Validity and Reliability
In adults, DXA estimates of FM correlate highly with other established methods for accurately assessing body FM such as in-vivo neutron activation analysis (IVNA)110 and in children aged 6–18 years when compared to under water weighing.49 DXA estimates of FM are influenced by “trunk thickness,” with the error increasing as the subject’s trunk thickness increases.
Reference Data
National reference data are available in the U.S. population aged 8–85 years. During the years 1999–2004, the National Health and Nutrition Examination Survey (NHANES) study acquired whole-body DXA scans on a population-based sample of Americans aged 8–85 years using the Hologic DXA systems. Using this system, national reference values were generated for total and sub-total whole-body results11,12 and were normalized to age, height, or lean mass.33 NHANES reference values were later derived from these data for use with the GE Healthcare Lunar DXA systems.111
Accessibility, Training, and Cost
Accessibility to DXA systems tends to be low to moderate. A whole-body DXA scan for the determination of body composition is primarily available at research laboratories and radiology/hospital facilities with DXA equipment containing whole-body composition software. However, even if a facility has access to a DXA system, it does not mean it contains the software to conduct a body composition scan. DXA systems may be programmed to conduct bone density scans and may require additional software to be used for body composition analyses. Due to the low-dose radiation, the equipment also has special storage room requirements, and a certified radiology technician or physician is required to operate the scanner.

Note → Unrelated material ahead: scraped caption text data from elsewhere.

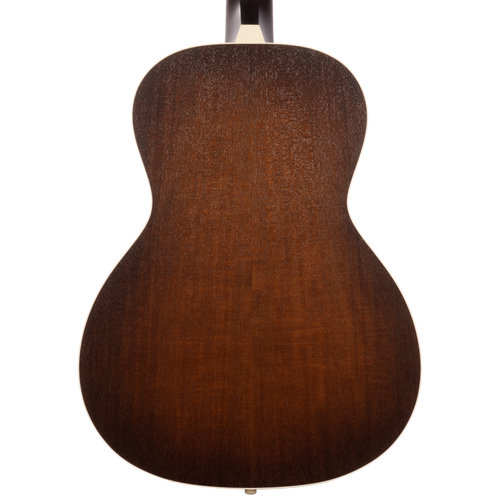 Iris Guitar Company MS-00 Model Acoustic Guitar, Adirondack Spruce Top, Burst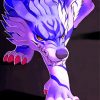 Weregarurumon Paint by numbers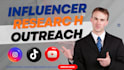 do micro influencer research and outreach for influencers marketing campaign
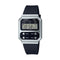 CASIO & VINTAGECasio A100WEF - 1AEF Unisex Vintage Digital Watch, Silver - Tone Stainless Steel BandWATCHESEcecile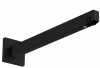 Hansgrohe  Ramię prysznicowe E 39 cm czarny mat 24337670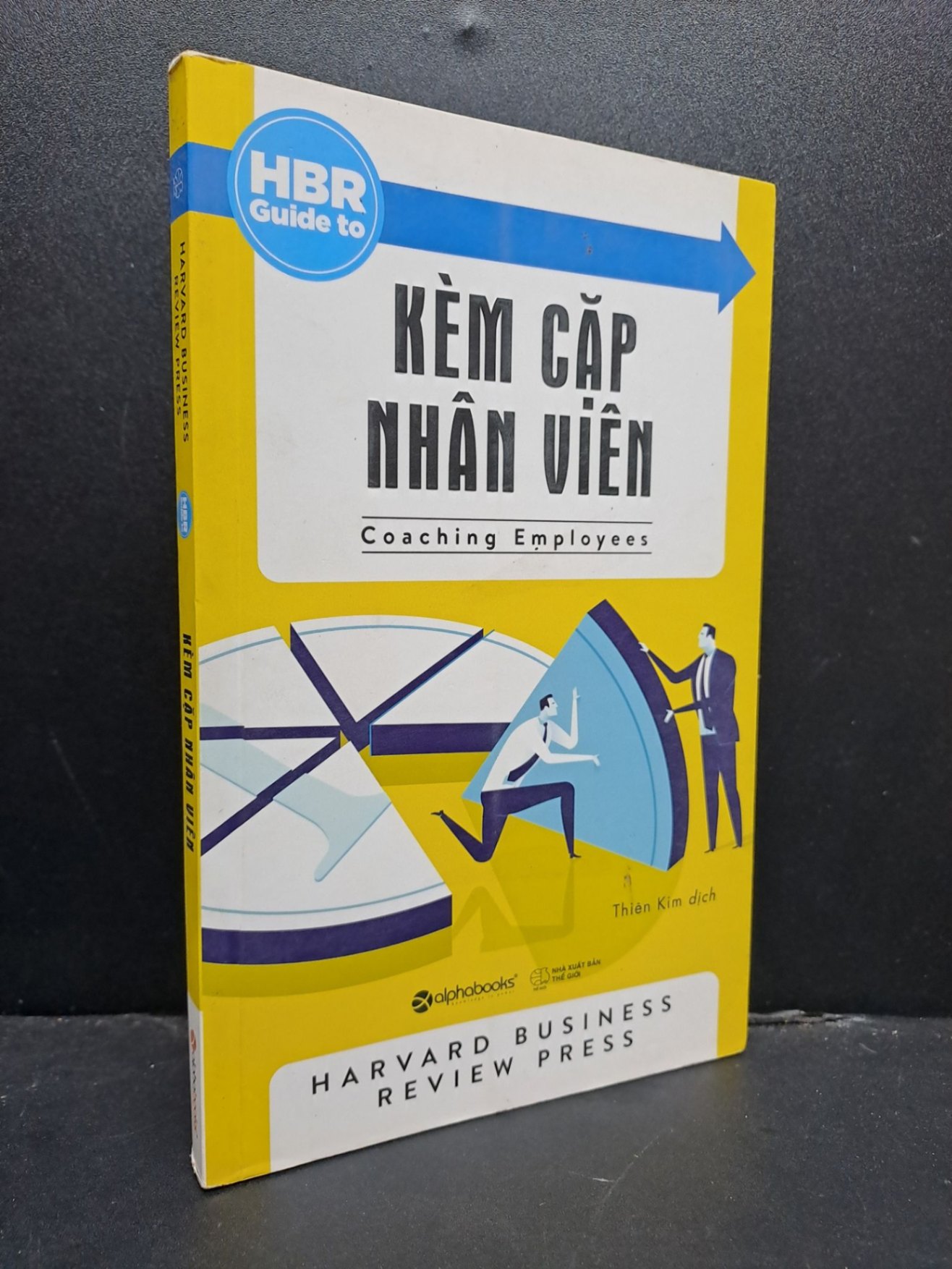 Kèm cặp nhân viên mới 90% 2016 HCM0107 HBR Guide to QUẢN TRỊ (NSX)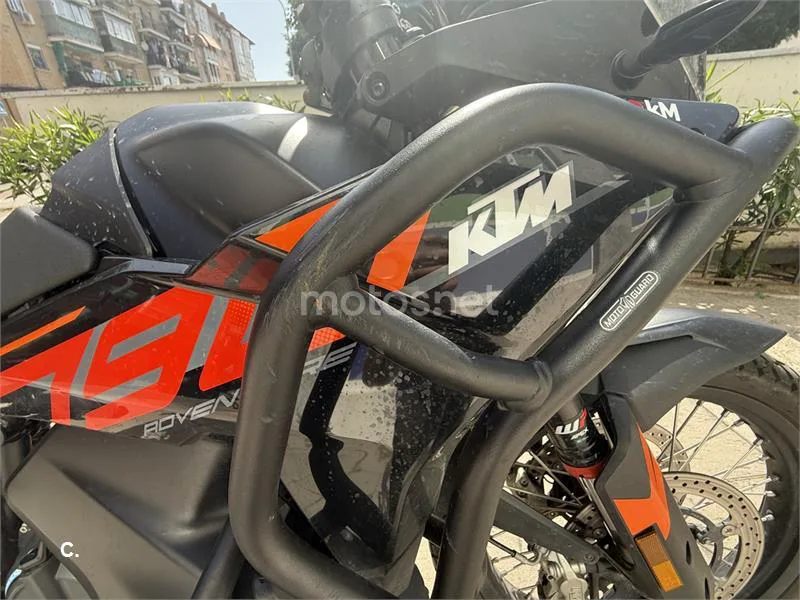 KTM 790 – Vista 9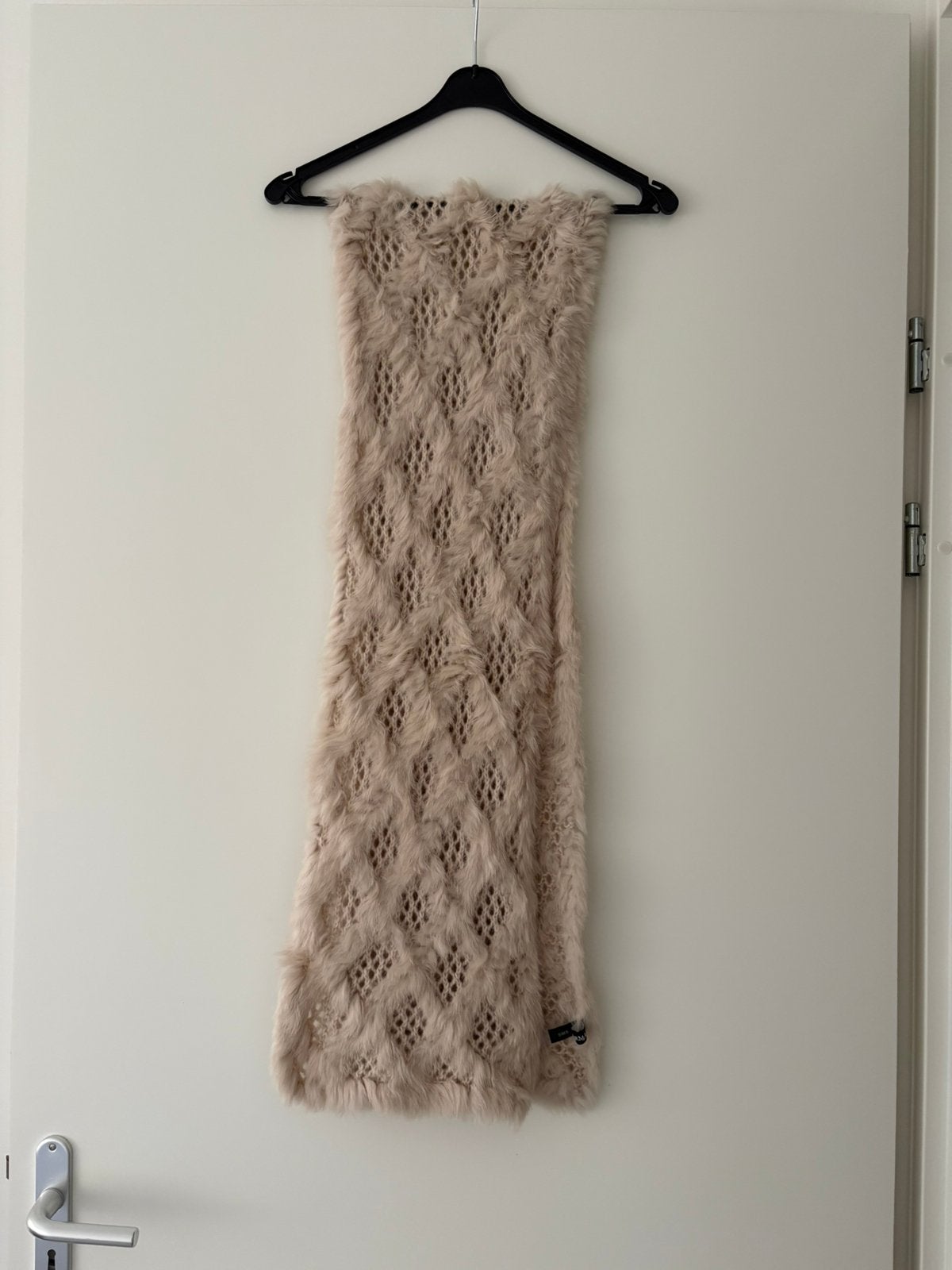 Nieuw Sjaal met konijnenbont ARMA, Ophalen of Verzenden, Nieuw, Maat 46/48 (XL) of groter, Sjaal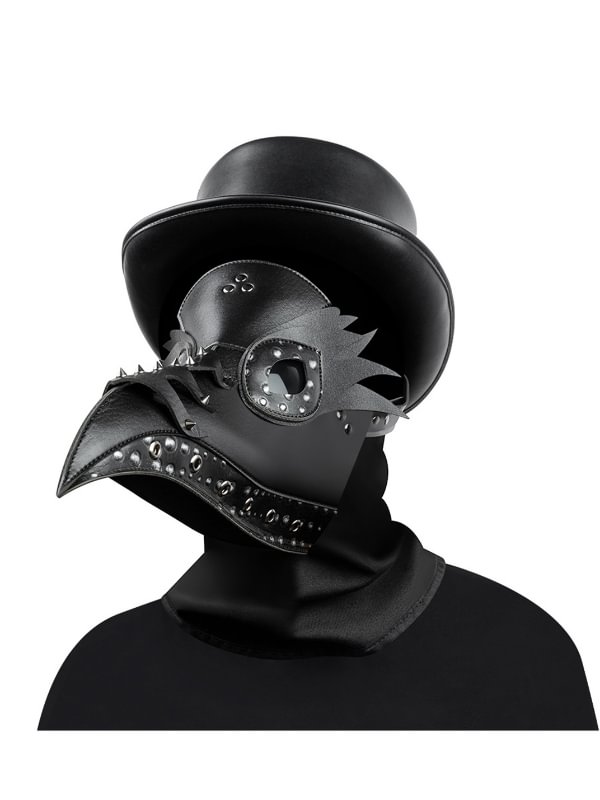 Party Mask Plague Doctor Bird Mask Costume Prop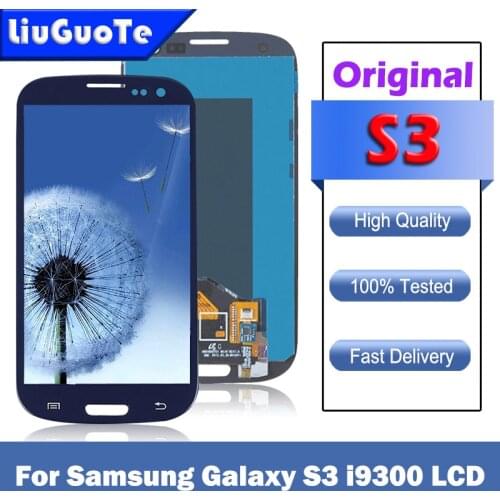4.8" Original LCD For Samsung Galaxy S3 LCD i9300 i9301 i9305 i747 LCD Display Touch Screen Digitizer Assembly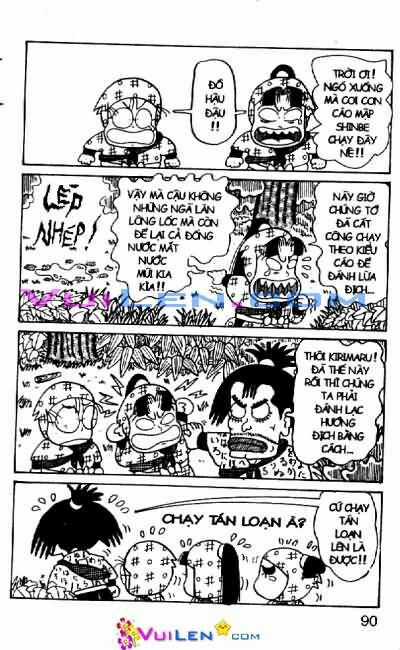 Ninja Loạn Thị - Chapter 21 - Trang 90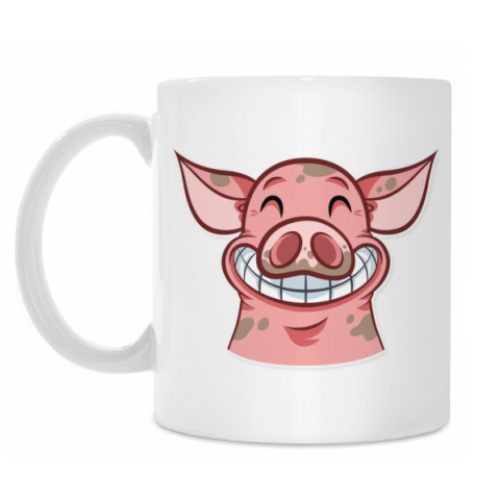 Кружка Smile Piggy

Equipment is expensive when first purchased ($80,000), and the annual cost of a service contract is high ($8,000–$13,000).
Acceptability, Participant Burden, and Risk
Acceptability is moderate and risk is minor, due to the low-dose ionizing radiation exposure. The dose from a single whole-body scan is generally < 10 microSieverts.112 This is equivalent to a single day’s exposure from natural sources at sea level such as from the sun, ground, and water. Burden for the study participant is low, and the measure is generally noninvasive. Participants who may be pregnant should not be measured, and pregnancy screening is required. In addition, the scanning bed or stretcher of most models has an upper weight limit (Hologic 159 kg; GE 182 kg) and the whole-body field of view cannot accommodate persons with body weights greater than this limit. The Norland Elite is a newer model that has been designed for whole body composition and can scan larger individuals (283.5 kg (625 lb), 137 cm (54”) wide and 228 cm (7′6”) tall). Because participants are required to remain motionless during the procedure, and sedation is generally not permitted for research studies, special consideration must be given to immobilizing/restraining infants and young children to prevent movement, especially after 6 months of age, which may limit feasibility. The time to complete the scan varies with the size and compliance of the participant but is generally 10–20 minutes.
Summary
DXA is a relatively more resource-intensive and costly method that is reasonably short in duration. It is generally safe and noninvasive but has a very low-dose ionizing radiation exposure that may limit its acceptability. It requires certified technicians and is not portable and often is only available in clinical/radiology facility settings. People undergoing this measurement must be motionless, and restraints may be required to maintain immobility, limiting its use for many children.